In this blog post, I want to focus on one type of data materialization – representations – and how these mediate our experiences. This extends on my previous blog post which was based on reflections from a scoping review into data in the home. Part of this involved reviewing the literature on digital monitoring. While digital monitoring tends to be part of the discourse on parental mediation and screen time, the implications of the data involved in these processes are an important, but rarely considered aspect of this.
The fascination with time is nowhere more evident than in discourses of digital parenting. Popular media panics around ‘screen time’ and ‘screen addiction’ have caused significant worry about what children are doing online and for how long. Through metadata children’s online activities can be captured and monitored. In this way, data becomes ‘deployed’ in the ‘solution’ to what are ostensibly a range of legal and social issues (i.e. regulation, privacy, civility etc). The great irony, of course, is that it is the generation of personal data and the ability for children to be tracked and profiled by technology companies and other third parties that is the cause for some of these problems in the first place. Nevertheless, media panics are powerful, so it is perhaps not surprising that there are millions of downloads of parental control apps. Pew Research in the US reports approximated 26-39% of families use parental control apps (Anderson, 2016).

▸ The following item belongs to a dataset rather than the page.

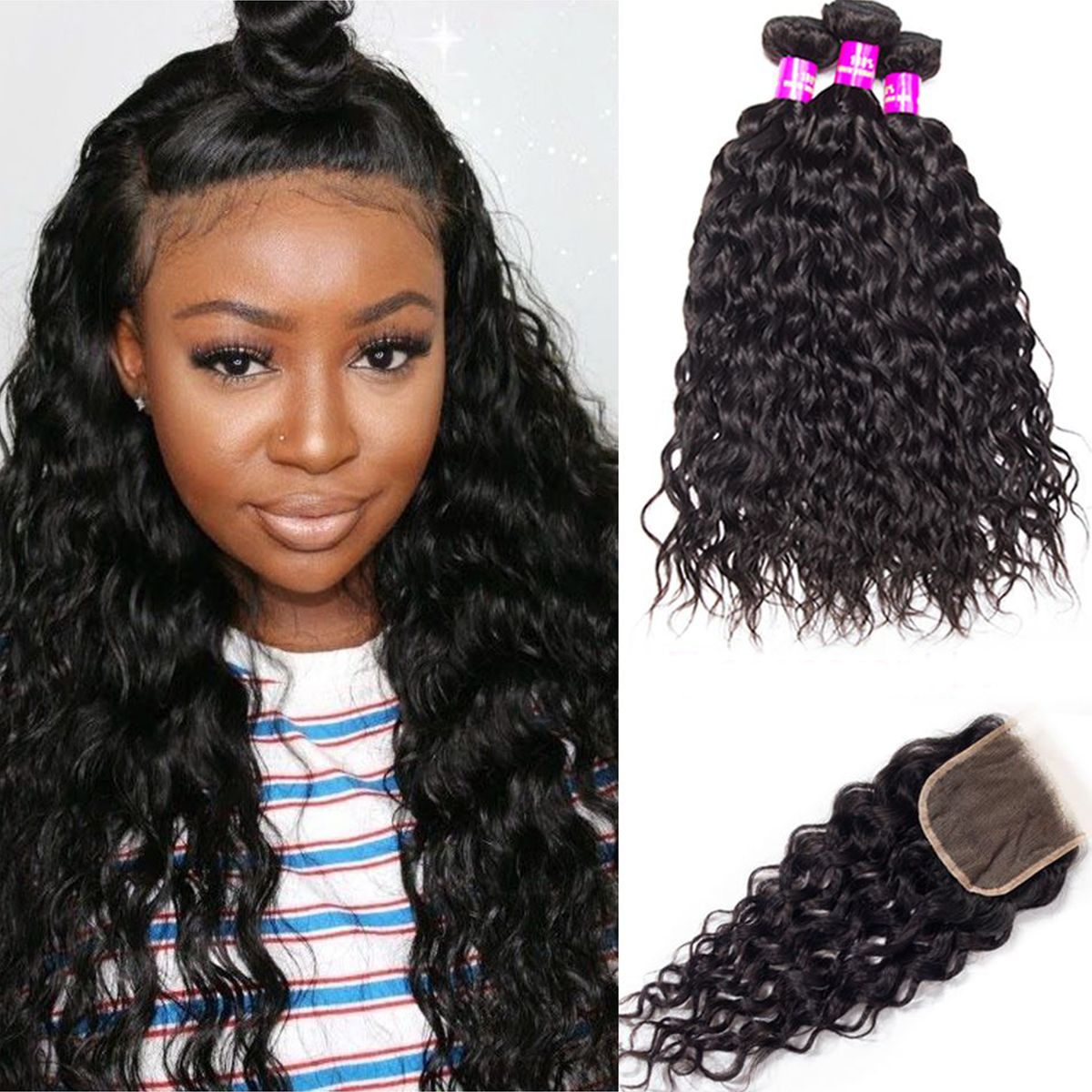 Brazilian Water Wave with 5x5 HD Lace Closure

‘Parental control’ or ‘other-tracking’ apps are apps that enable others, namely parents, to monitor, filter and restrict children’s online interactions and engagements. Typically, these apps are marketed as giving parents ‘peace of mind’, blocking dangerous and explicit content online, as well as helping parents manage the supposed ‘screen addiction’ of their children. However, a large part of their function is monitoring how long a child has been online and on what platform they have been on. A troubling feature of these apps is that while supposedly offering to ‘screen time’ and ‘screen addiction’, they are also designed to share personally identifiable information of child and parent to technology companies and other third parties.

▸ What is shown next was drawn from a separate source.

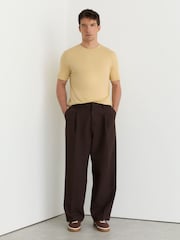 Reiss Golden Yellow Bless Cotton Crew-Neck Tailored-Fit T-Shirt - Image 3 of 6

While these are troubling findings, it is interesting to consider that data materialized through parental control apps also reveal a range of latent digital practices. It could be argued that parents have always surveilled their children’s activities, however, data materialisations certainly intensify this. This has emerged as a ‘pressure point’ for families to negotiate as the relationship between parent and child becomes mediated by data. Representations of ‘digital’ time are now so commonplace on children’s devices and apps that it has become a part of online game play. For example, on the Nintendo Switch a player’s profile, which is visible to friends, displays how long they have played each game as well as when it was last played. In this way, a friend’s competency and skill is weighed up against the amount of time they have been playing the game. Not only does this enable parents to keep track of how and what their child is doing on the console, but it also means children can monitor and compare their game play against others.

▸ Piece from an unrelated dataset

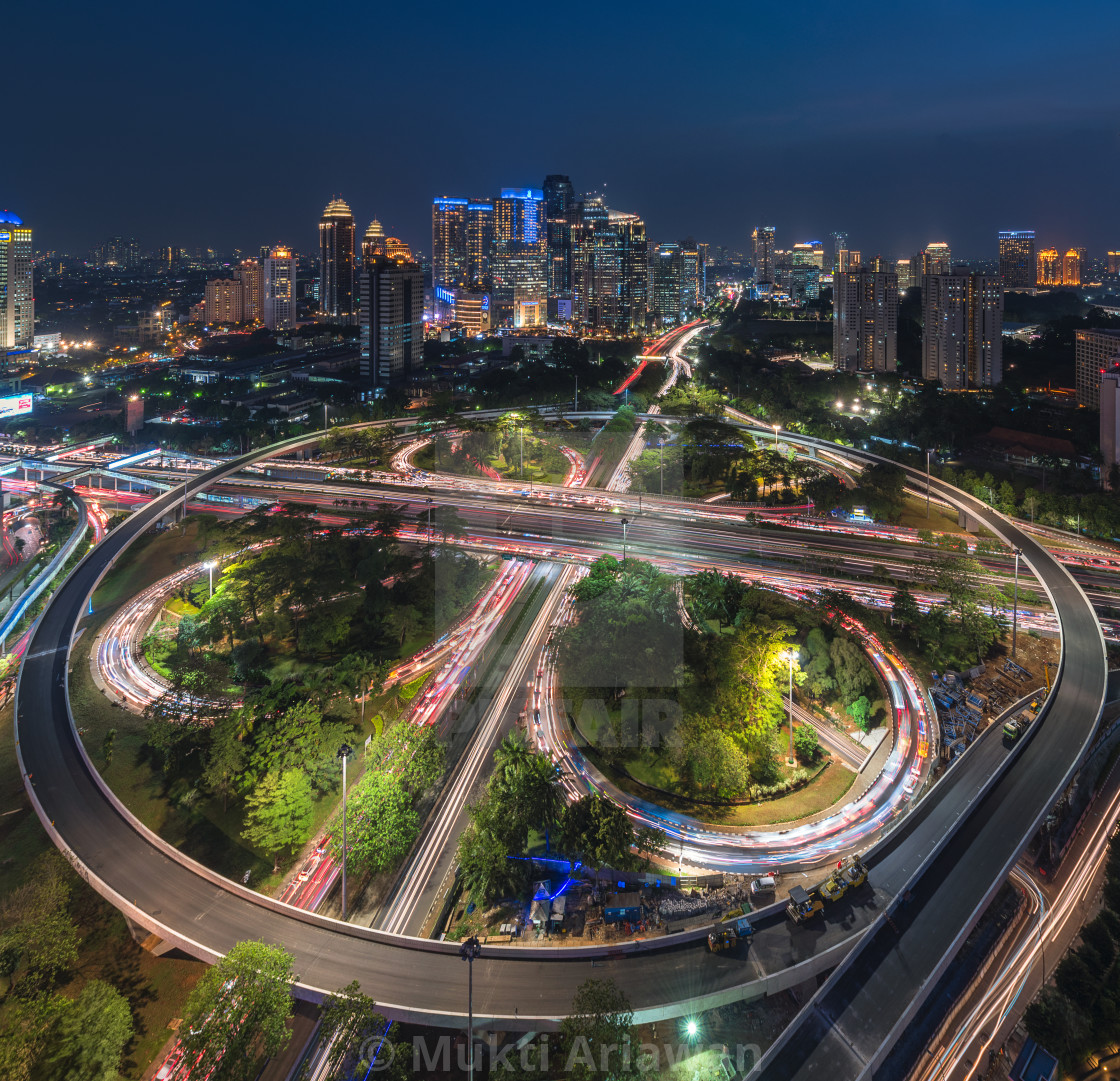 "Jakarta: Semanggi Roundabout in the evening" stock image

Representations of data through visualisations, graphs and dashboards are perhaps the most common way that individuals make meaning from data. What is prioritized in these representations, including how they are formatted and presented to users is determined by the technology company. In the case of parental mediation, there is a positive feedback system at play where media panics about screen time and screen addiction are reinforced by representations of data that prioritise how long a child has been playing a particular game or using a social media platform. Not only does this present a rather narrow view of what data and metadata can be used for, but it recasts the conversation between parent and child into how long as opposed to why or what was learnt. In this way, representations of data not only (re)structure time but also (re)mediate our relationships.
As an alternative, it might be more productive to consider how representations of data can create new conversations about digital interactions that foster interpersonal relationships, rather than policing children’s digital activities (Livingstone & Blum-Ross, 2020). In fact, representations could be a potent way to disrupt the three Ss of data – surveillance, security and selling – and uncover new ways for thinking about time and our relationships with others.
References:
Anderson, M. (2016). Parents, Teens and Digital Monitoring. Retrieved from Washington DC: https://www.pewresearch.org/internet/2016/01/07/parents-teens-and-digital-monitoring/
Kaun, A., & Stiernstedt, F. (2014). Facebook time: Technological and institutional affordances for media memories. New Media & Society, 16(7), 1154-1168.
Livingstone, S., & Blum-Ross, A. (2020). Parenting for a Digital Future: How the Hopes and Fears About Technology Shape Children’s Lives. Oxford, UK: Oxford University Press.